» TASK PROMPT
Only the lines from the line containing "Occasion BMW Série" to the end of the material belong in the copy; set them down exactly, without pictures.

» PROVIDED MATERIAL
*-*-*

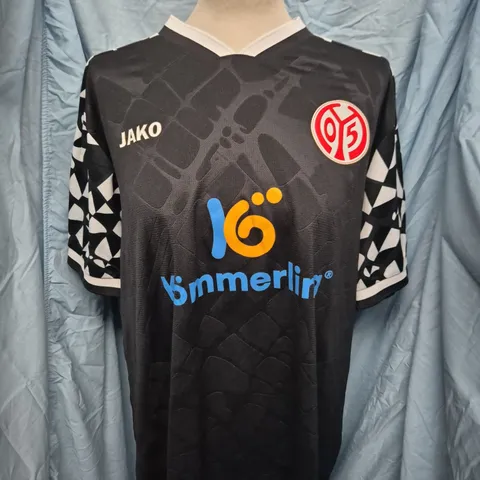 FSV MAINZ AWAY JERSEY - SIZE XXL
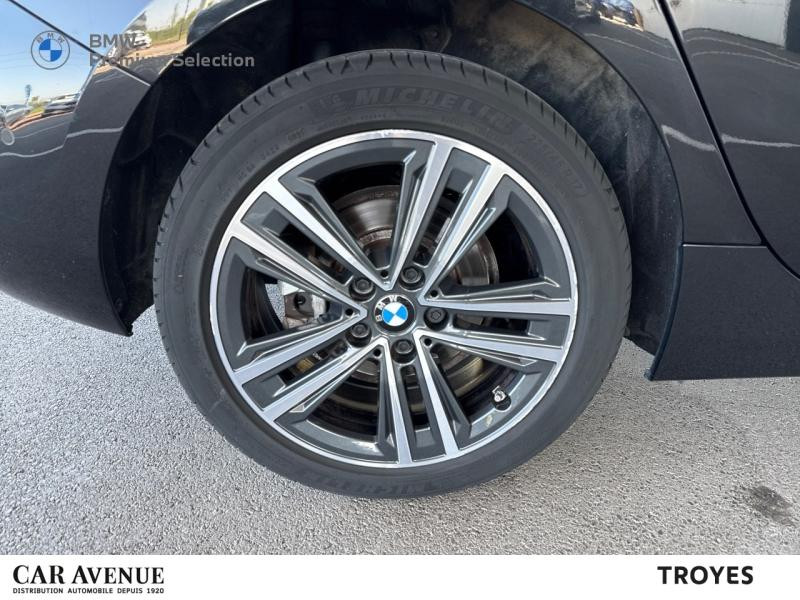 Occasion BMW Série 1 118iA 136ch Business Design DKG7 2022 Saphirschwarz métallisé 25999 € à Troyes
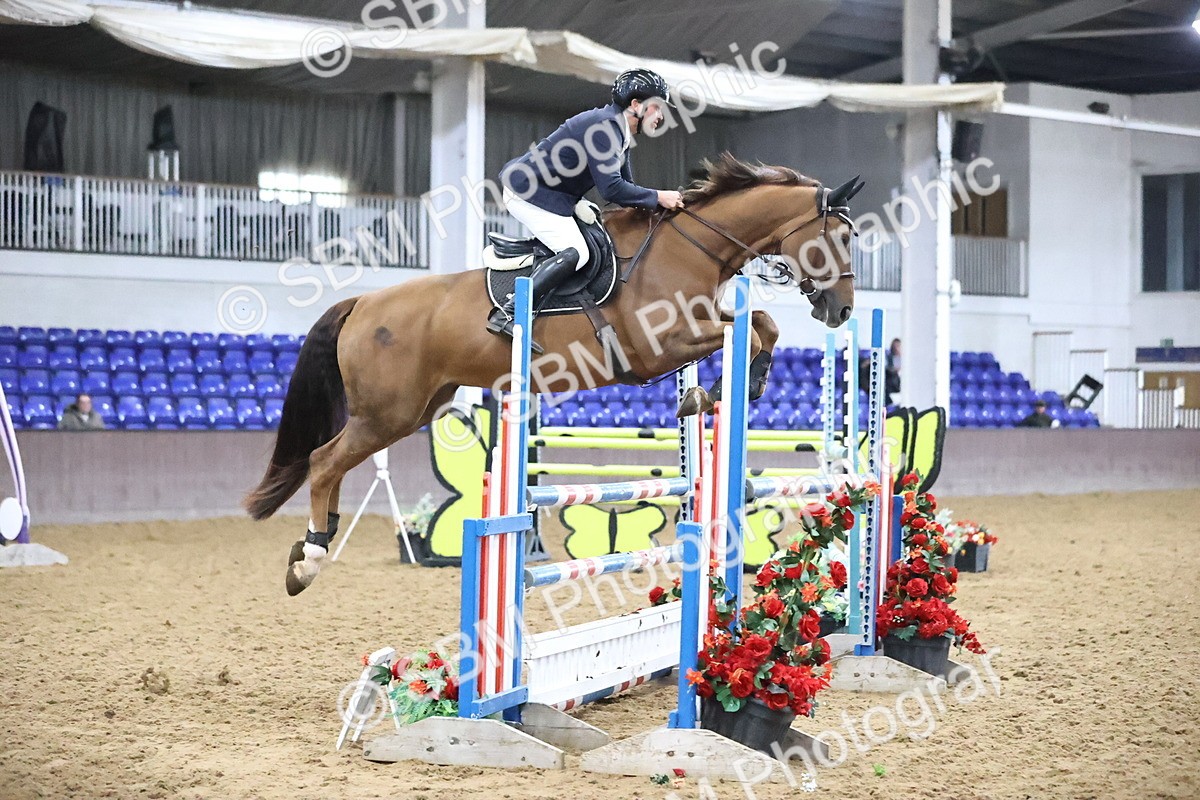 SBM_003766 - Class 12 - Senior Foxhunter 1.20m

*-*-*

» TASK RESULT
 Occasion BMW Série 1 118iA 136ch Business Design DKG7 2022 Saphirschwarz métallisé 25999 € à Troyes
 SBM_003766 - Class 12 - Senior Foxhunter 1.20m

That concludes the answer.